Daran änderte sich erstmal wenig, als Mitschüler*innen anfingen, zu protestieren. Rührselige Geschichten für den Boulevard, aber noch keine Störung in der Abschiebemaschine. Auch als Twitterprominete auf den Zug aufsprangen, Geschichten schrieben, und Druck auf de Grünen machten, machte das noch wenig Unterschied. Immerhin, die Grünen fühlten sich verpflichtet, bei ihren Koalitionspartner nachzufragen. Doch dieser sah sich nicht genötigt, den nervigen Protest des Juniorpartners ernst zu nehmen. Auch die nächtliche Protestaktion vor dem Abschiebeknast in der Zinnergasse lief noch wie gewohnt ab. Eine Sitzblockade wurde zuerst geduldet, dann aber schnell und hart geräumt. Die Familien wurden planmäßig abgeschoben. Wir kennen das Prozedere von vielen anderen Protesten. Nur selten gelingt es, Abschiebungen aufzuhalten.

Erst am nächsten Tag fiel der Ablauf aus den üblich gewohnten Rahmen. Bei dem Versuch, die Abschiebung noch zu verhindern , waren neben den Mitschüler*innen und den „üblichen Verdächtigen“ auch Politiker*innen und Twitterpromineten vor Ort. Die Geschichten rund um die Abschiebung wurden so viel massenhafter verbreitet als gewohnt. Sie trafen auf eine Stimmung vor allem unter den Grün-Wähler*innen, die sich in ihrer Hoffnung auf eine menschlichere Politik betrogen sahen. Die Grünen opferten den im Wahlkampf versprochene Anstand, das angekündigte Pochen auf Menschenrechte dem Festhalten an der Macht. Ein Erregungskorridor wurde geschaffen. Am Abend demonstrierten nochmal 1500 Menschen im strömenden Regen vor der ÖVP-Zentrale und dem Innenministerium. Sogar der Bundespräsident meldete sich zu Wort. Die Grünen waren zuerst auf Tauchstation, und redeten sich dann auf ihre Machtlosigkeit aus – was aus naheliegenden Gründen kaum überzeugend ist.

Die Folge dieser massiven Empörung; Die Koalition steht auf Messers Schneide. Es gibt viele Stimmen, die sich für die Rückkehr einer der Familien einsetzen – und sie haben sogar eine realistische Chance. Wer hätte gedacht, dass eine Abschiebung und der Protest dagegen so weite Kreise zieht? Das ist das Tragische an Verschwörungsmythen. Sie machen uns schwächer als wir sind. In den eingangs genannten Erzählungen sind wir nicht viel mehr als ein Spielball der ÖVP-Medienstrategie. Warum sind wir uns unserer Macht nicht bewusst? Es liegt an uns, Abschiebungen zu stoppen. Es liegt an uns, Regierungen zu stürzen. Es liegt an uns, Utopien Wirklichkeit werden zu lassen. Natürlich müssen die Umstände dafür günstig sein. Doch ob das der Fall ist, wissen wir immer erst im Nachhinein. Wir müssen es also immer wieder versuchen.
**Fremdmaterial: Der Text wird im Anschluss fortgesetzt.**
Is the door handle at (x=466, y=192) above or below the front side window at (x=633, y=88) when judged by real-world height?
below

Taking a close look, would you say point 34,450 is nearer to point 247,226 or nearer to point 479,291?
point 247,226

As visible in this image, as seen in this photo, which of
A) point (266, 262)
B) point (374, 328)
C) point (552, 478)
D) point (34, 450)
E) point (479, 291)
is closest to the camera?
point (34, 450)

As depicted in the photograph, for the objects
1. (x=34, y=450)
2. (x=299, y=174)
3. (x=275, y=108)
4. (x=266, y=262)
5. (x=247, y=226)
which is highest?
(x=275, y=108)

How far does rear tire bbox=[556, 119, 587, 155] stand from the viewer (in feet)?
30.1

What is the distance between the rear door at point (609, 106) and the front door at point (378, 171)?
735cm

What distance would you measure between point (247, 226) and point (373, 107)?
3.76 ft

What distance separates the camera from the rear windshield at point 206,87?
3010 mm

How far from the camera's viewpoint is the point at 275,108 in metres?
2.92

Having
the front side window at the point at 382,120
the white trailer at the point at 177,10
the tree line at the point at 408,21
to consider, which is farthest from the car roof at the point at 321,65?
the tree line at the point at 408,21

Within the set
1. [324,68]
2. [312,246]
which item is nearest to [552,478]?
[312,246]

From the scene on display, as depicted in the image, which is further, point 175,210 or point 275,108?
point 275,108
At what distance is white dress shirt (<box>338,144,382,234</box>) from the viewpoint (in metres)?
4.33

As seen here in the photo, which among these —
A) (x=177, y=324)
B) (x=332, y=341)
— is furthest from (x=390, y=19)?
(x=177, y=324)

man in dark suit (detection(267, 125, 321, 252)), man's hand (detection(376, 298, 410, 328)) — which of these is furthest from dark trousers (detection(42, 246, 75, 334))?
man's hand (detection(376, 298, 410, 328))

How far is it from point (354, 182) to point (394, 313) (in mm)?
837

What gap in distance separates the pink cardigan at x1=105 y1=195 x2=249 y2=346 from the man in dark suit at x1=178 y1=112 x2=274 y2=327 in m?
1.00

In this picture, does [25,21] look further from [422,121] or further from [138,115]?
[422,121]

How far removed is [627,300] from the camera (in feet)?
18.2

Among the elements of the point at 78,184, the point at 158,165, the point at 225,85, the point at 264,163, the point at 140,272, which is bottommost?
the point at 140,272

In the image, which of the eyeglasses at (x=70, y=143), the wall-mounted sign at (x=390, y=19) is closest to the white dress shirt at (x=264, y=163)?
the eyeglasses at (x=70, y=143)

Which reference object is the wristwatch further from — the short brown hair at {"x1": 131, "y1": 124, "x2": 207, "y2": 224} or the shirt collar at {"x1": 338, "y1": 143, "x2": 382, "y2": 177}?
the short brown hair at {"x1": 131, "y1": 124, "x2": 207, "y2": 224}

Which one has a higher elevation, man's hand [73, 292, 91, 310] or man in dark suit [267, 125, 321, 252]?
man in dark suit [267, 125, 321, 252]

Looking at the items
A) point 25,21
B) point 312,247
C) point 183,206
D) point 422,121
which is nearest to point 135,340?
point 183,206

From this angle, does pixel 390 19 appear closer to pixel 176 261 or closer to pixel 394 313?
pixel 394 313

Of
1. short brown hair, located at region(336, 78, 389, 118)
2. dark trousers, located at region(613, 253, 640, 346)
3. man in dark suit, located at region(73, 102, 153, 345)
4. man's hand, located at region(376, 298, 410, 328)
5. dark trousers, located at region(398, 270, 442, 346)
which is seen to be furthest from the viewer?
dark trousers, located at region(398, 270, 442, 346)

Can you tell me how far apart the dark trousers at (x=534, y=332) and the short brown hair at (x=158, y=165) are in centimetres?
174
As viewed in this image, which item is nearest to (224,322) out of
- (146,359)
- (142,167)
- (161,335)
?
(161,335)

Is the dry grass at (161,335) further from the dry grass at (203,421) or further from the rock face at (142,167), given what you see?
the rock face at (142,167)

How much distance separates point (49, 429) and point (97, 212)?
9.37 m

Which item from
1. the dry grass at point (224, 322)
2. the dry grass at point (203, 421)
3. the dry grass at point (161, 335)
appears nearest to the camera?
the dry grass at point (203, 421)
Wahrscheinlich wird der Skandal bald wieder von anderen Tagesthemen verdrängt. Und doch wird etwas bleiben: Die Erfahrung der Unmenschlichkeit, die Möglichkeit des Protestes dagegen, realpolitisch ein tieferer Riss in der Koalition. Es wird weiter gären, und anderer Stelle wieder aufbrechen. Wir müssen also wachsam und aktiv bleiben.
Zum Schluss noch ein fetter Shout Out an die Schüler*innen der Stubenbastei, die den Stein ins Rollen brachten. Und den Abgeschobenen viel Kraft und Mut!